■ **SUPPLIED INFORMATION**:
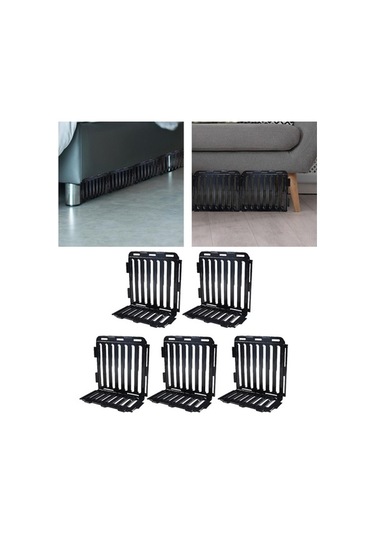 Trendooze Homyl 5 Adet Kanepe Altı Engelleme Kurulu Yatak Kurulumu Siyah Siyah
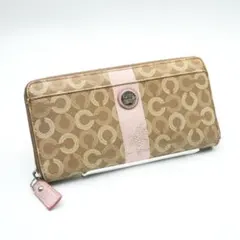 コーチ オプアートウォレット 長財布 シグネチャー 総柄 ベージュ @OH37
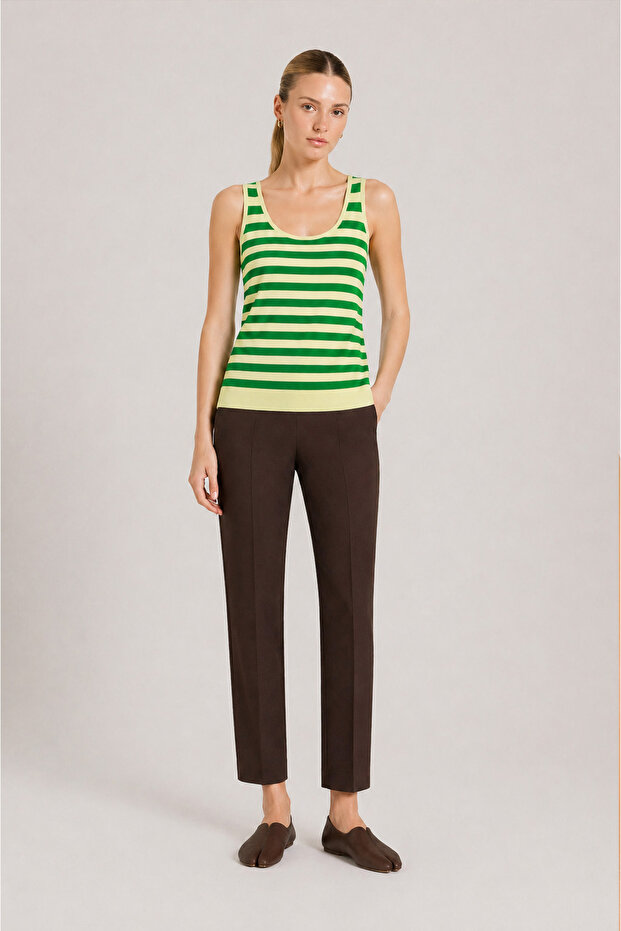 Lemon Yellow Green Striped Women's Undershirt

■ **DIRECTIONS**: Set down the data again, exactly, without images.

■ **RESULT OF THE EXERCISE**:
 Trendooze Homyl 5 Adet Kanepe Altı Engelleme Kurulu Yatak Kurulumu Siyah Siyah
 コーチ オプアートウォレット 長財布 シグネチャー 総柄 ベージュ @OH37
 Lemon Yellow Green Striped Women's Undershirt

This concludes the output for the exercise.